In the US, there are about 500,000 drug users behind bars; in the
UK, the figure stands at 140,000 (the UK has the toughest drug laws
in the EU and the highest drug use).
As the USA and the UK jointly plan to launch biological warfare
a genetically-engineered fungus on poppy plantations,
the real war on drugs is, beyond the insanity of releasing a germ
in the environment, a war on people. It's a war on people's sense
of fun and imaginative quest for alter realities. It's conservative
uprightness and linear lives versus hedonism and chaotic lives.
It's people who have sex with the lights off versus people who enjoy
bondage. It's people who believe in ascetic lives versus those who
find indulgence the most scenic path to intellectual liberation.
Because the war on people (ups, drugs
) stems from puritan
morality, it's fraught with hypocrisy, intolerance, paternalism,
dogma, self-righteousness. For this reason, the anti-drug movement,
far from being clear-headed, only chooses to see and hear what reinforces
their stand, which is entrenched by the sweat of personal struggle.

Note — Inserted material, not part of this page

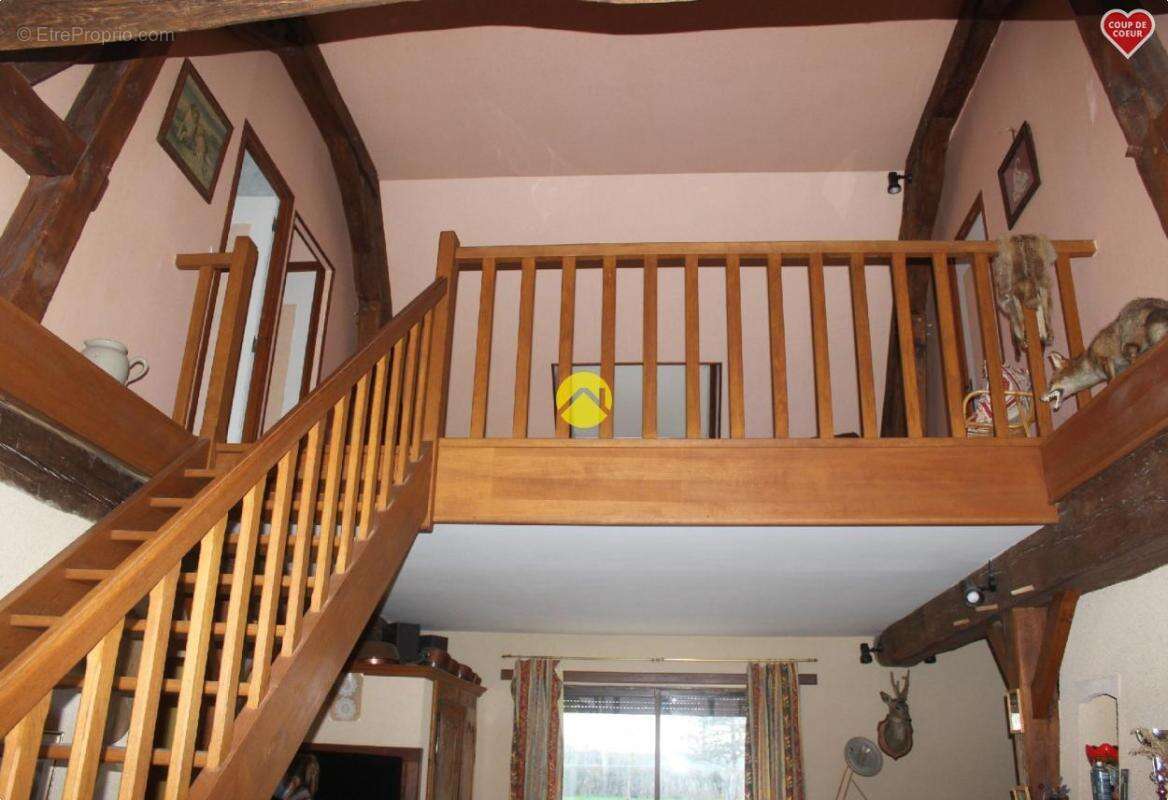 Maison à SAINT-LEOPARDIN-D'AUGY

A month ago in the US, for example, the National Academy of Sciences
issued the report of a study assessing the effectiveness of the
Just Say No' anti-drug education drive in schools. The study
shows that raising students on the Just Say No diet made no difference
in their attitude to drugs (and their consequent dabbling with drugs)
when compared to students who were not exposed to the campaign.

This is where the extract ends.